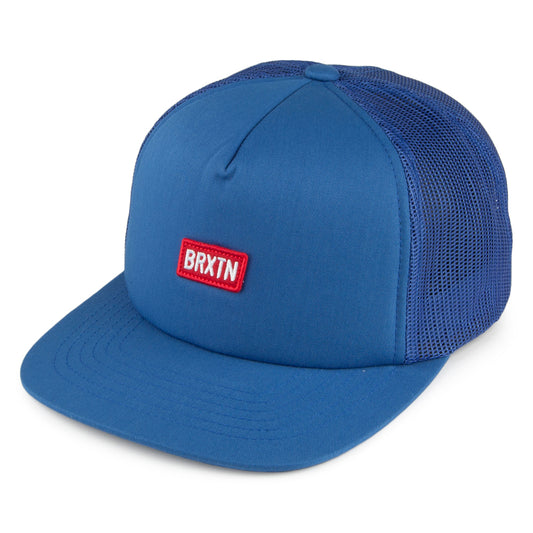 Gorra Trucker Socket de Brixton - Azul Real
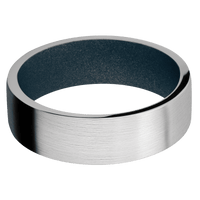 Cobalt Chrome + Satin Finish + Blue Titanium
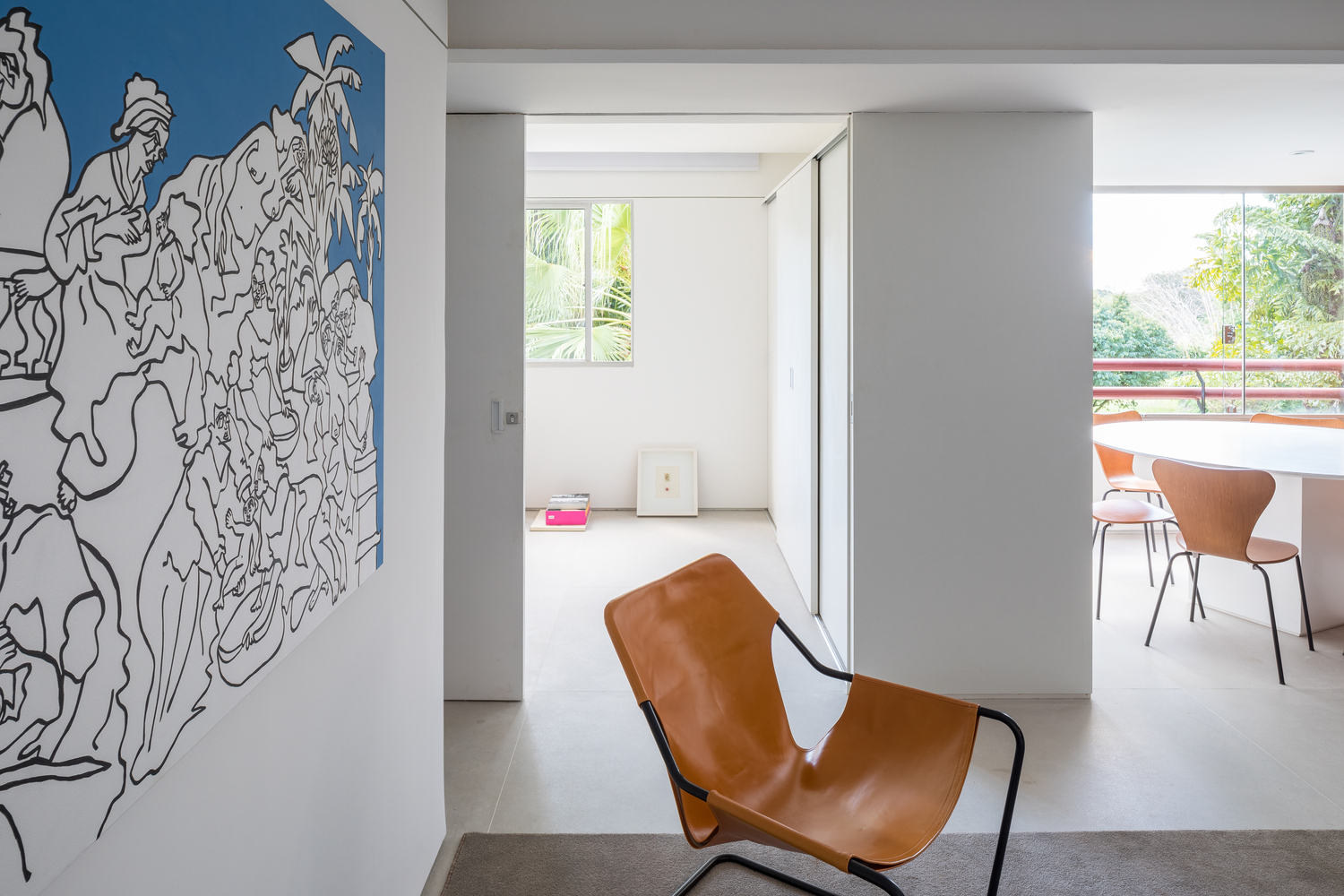 巴西 90 平米现代公寓，功能与美学的完美融合-19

PROMPT: When you retype the data above, match every line exactly and leave the pictures behind.

EXERCISE OUTPUT:
 Gorra Trucker Socket de Brixton - Azul Real
 Cobalt Chrome + Satin Finish + Blue Titanium
 巴西 90 平米现代公寓，功能与美学的完美融合-19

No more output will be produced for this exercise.